If that is the case, again, similarly, in the case of the constructive trust, should the measure of relief to which the son is entitled be, prima facie, what might be characterised as the reliance detriment suffered by him, in other words, that the measure of his relief should be a charge over the land to secure to him the value of his otherwise unrecouped contribution to the farming enterprise, or should it be the fulfilment of the expectation. Your Honour the Chief Justice in Walton Stores stated that the primary objective of equity in the case of promissory estoppel has not compelled the party bound to the assumption of expectation but is to avoid the detriment which, if the assumption of expectation goes unfulfilled, will be suffered by the party which has been induced to act or abstain from acting thereon.

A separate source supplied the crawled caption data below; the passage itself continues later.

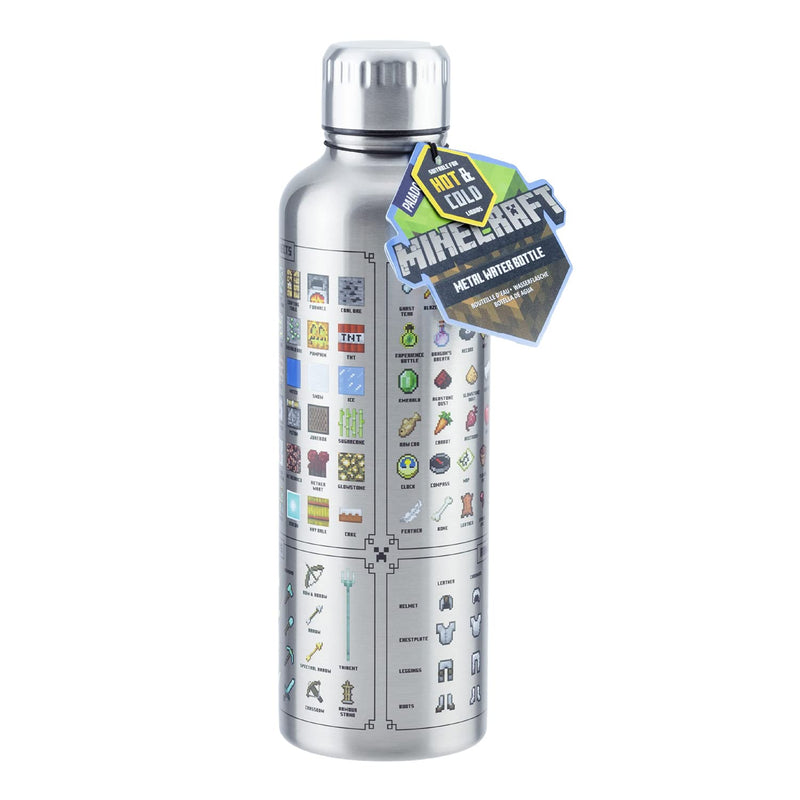 Paladone Minecraft metal water bottle, officially licensed gaming merchandise, 16 Ounce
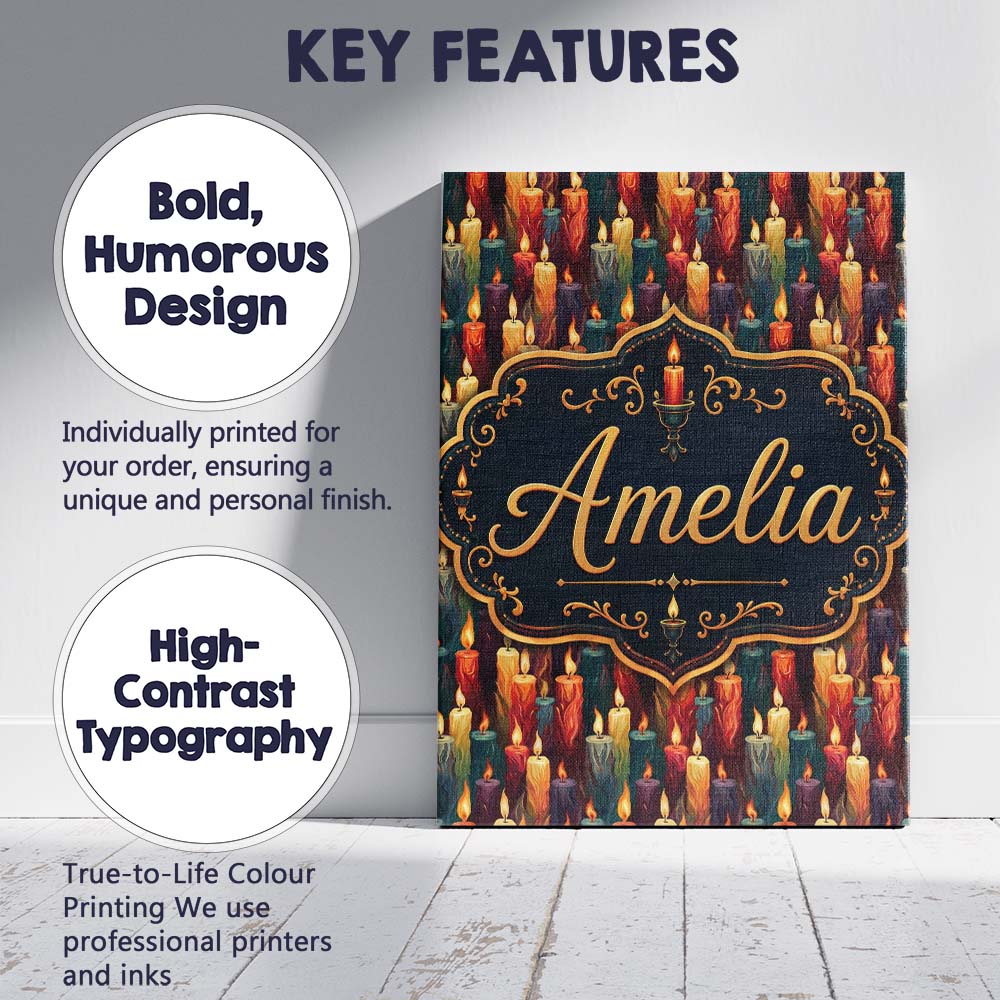 Personalised Name Vibrant Melted Wax Custom Premium Decorative Design Modern Room Accent Canvas Wall Art Print Decor Picture Ready to Hang
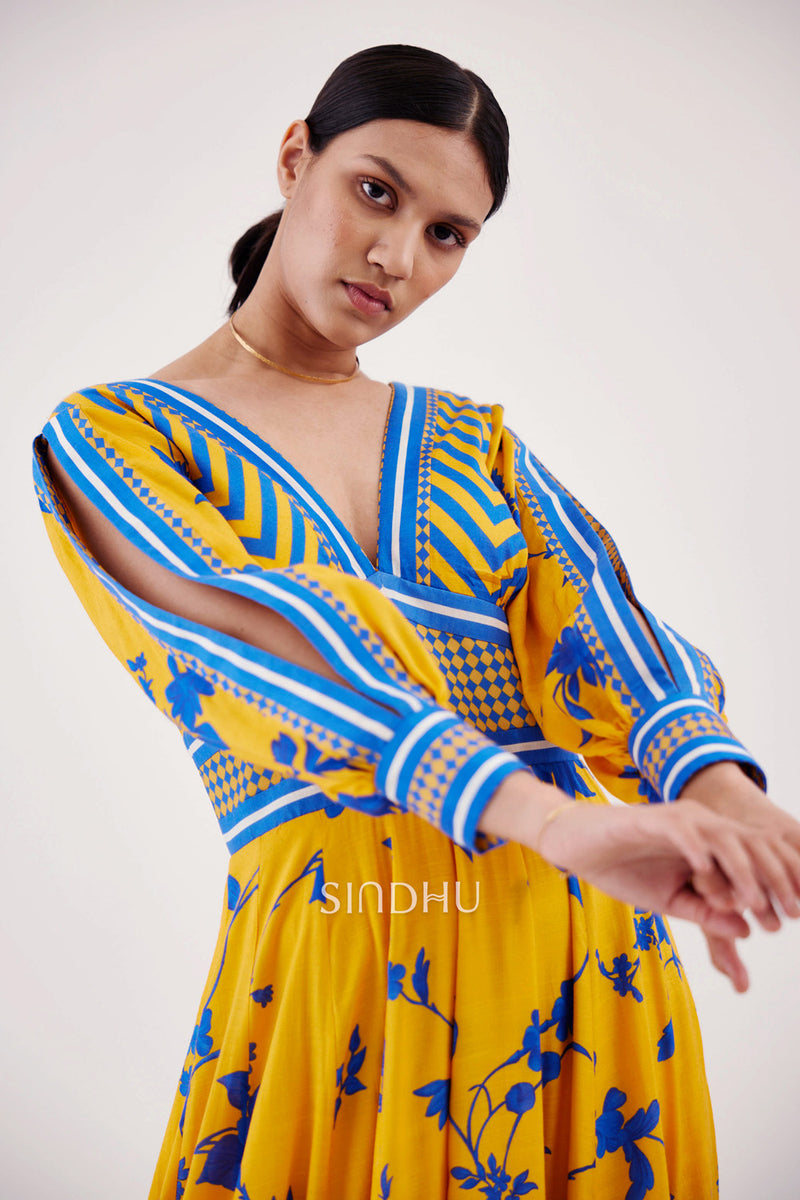 Istara Digital Printed Maxi Dress top view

To similar effect is that which your Honour said in Verwayen at pages 428 to 429, an extract which I will not detain the Court with, which appears in the book of authorities at page 139. It is safe to say this:
that equitable estoppel yields a remedy in order to prevent unconscionable conduct on the part of the party who, having made a promise to another who acts on it to his detriment, seeks to resile from the promise.....The remedy is not designed to enforce the promise although, in some situations.....the minimum equity will not be satisfied by anything short of enforcing the promise.....
The relevant detriment in a case of equitable estoppel is detriment occasioned by reliance on a promise.....The relevant detriment does not consist in a loss attributable merely to non‑fulfilment of the promise.

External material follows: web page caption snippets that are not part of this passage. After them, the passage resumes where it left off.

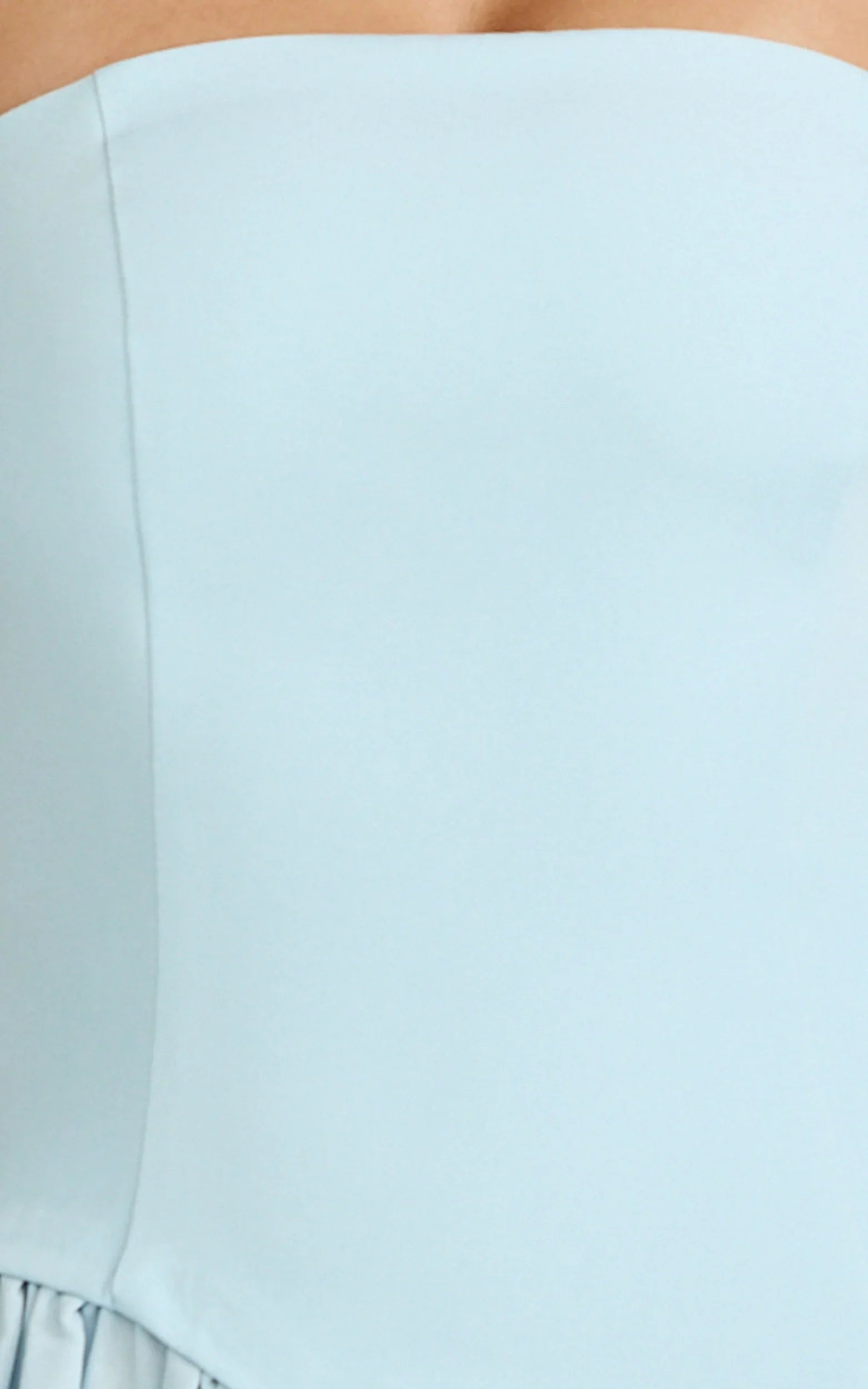 Calla Mini Dress - Strapless Gathered Asymmetric Dropped Waist Dress in Light Blue
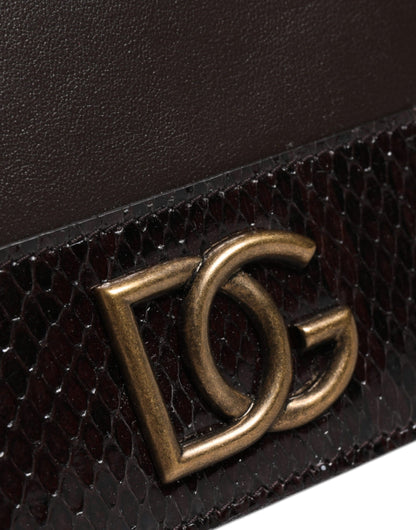 Dolce &amp;amp; Gabbana Brun Läderplånbok med DG-logotyp och Axelrem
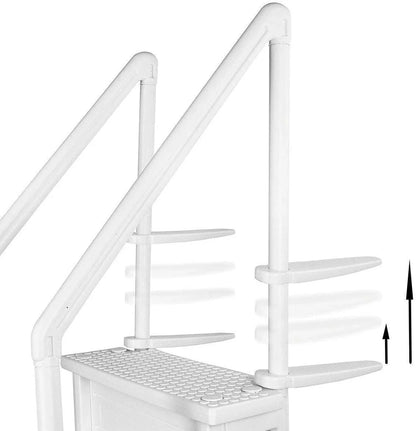 Select Anti-Slip in-Pool Steps, Gray, For Above Ground Swimming Pools, Can Mount To Decks 48 In. To 54 In. H, Safety Stairs Capacity Up To 300 Lbs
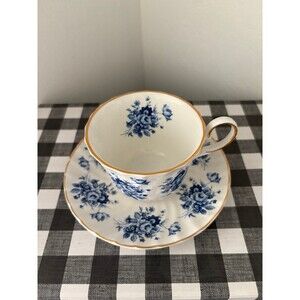 ALLYN NELSON  Collection Blue & white tea cup and saucer Vintage ANX8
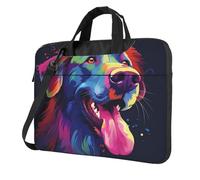 BYPPJGH Colorful Dog Laptop Shoulder Bag For Men Women Briefcase Messenger Bag W/Strap Handle Waterproof Laptop Sleeve Bag 13 Inch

To similar effect was that which the then Chief Justice said in Verwayen at pages 413 and following, at pages 127 and following of the application book, where he referred to the need for
a proportionality between the remedy and the detriment which is its purpose -
the purpose of the doctrine of promissory estoppel to avoid. On the other hand, there is the contrast between those two attitudes and that is perhaps revealed as being otherwise understood by Justice Deane in Verwayen at page 442. This appears in the authorities. At page 442 of the report, and at page 142 of the book of authorities where, in the paragraph beginning on the centre of the left-hand page, his Honour there referred to a “prima facie entitlement” to have the expectation fulfilled , where his Honour there spoke:
it should be accepted that the prima facie entitlement to relief based on the assumed state of affairs must, under a doctrine which is of general application in a system where equity prevails, be qualified if it appears that that relief would exceed what could be justified by the requirements of conscientious conduct and would be unjust to the estopped party.
In other words, there is a prima facie right to have the expectation fulfilled unless there are countervailing equitable principles.

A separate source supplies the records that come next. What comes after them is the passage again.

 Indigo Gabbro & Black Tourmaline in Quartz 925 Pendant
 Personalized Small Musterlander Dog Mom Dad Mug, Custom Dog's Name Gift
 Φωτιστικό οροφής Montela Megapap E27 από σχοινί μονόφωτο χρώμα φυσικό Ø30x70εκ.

Mr Justice Rowland, in the Full Court appeared to adopt the attitude, the principle expounded by Mr Justice Deane. If one turns to the application book at page 64, between lines 19 and 29, one sees Mr Justice Rowland referring to:
The approach favoured by Deane J in Verwayen, and in general terms there appears to be no great dissent from that view, is that, once there is unconscionable conduct, there will be cases where both the detriment and the relief will be measured by giving effect to the promise, unless to do so would be unfair or unjust to the promisor or if the detriment suffered is not commensurate with the unfulfilled promise.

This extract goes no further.